═════ Source data ═════

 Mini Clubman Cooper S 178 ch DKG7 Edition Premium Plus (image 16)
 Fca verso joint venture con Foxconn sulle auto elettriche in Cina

═════
═════ Source data ═════

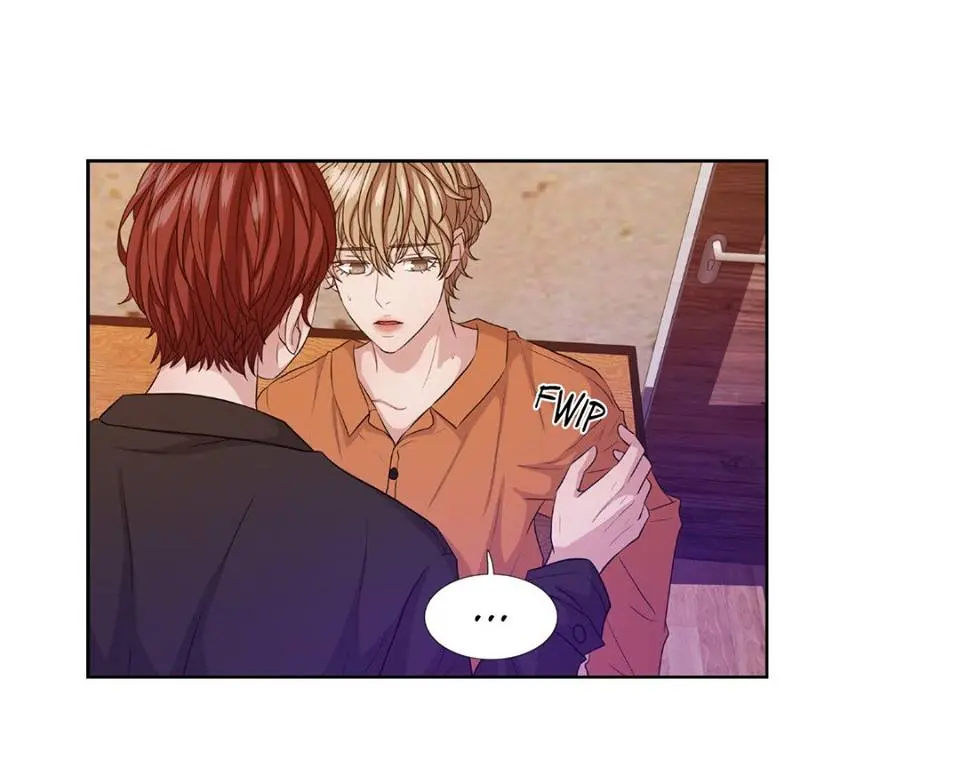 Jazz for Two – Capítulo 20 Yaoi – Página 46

═════
═════ Source data ═════

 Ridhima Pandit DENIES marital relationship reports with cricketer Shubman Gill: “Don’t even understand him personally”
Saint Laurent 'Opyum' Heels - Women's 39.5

═════

● **Problem requirements**: Keep both end lines and retype everything in the records above from the line containing "Ridhima Pandit DENIES" through the line containing "Saint Laurent 'Opyum' Heels - Women's 39.5", exactly, with nothing else.

● **The completed task**:
 Ridhima Pandit DENIES marital relationship reports with cricketer Shubman Gill: “Don’t even understand him personally”
Saint Laurent 'Opyum' Heels - Women's 39.5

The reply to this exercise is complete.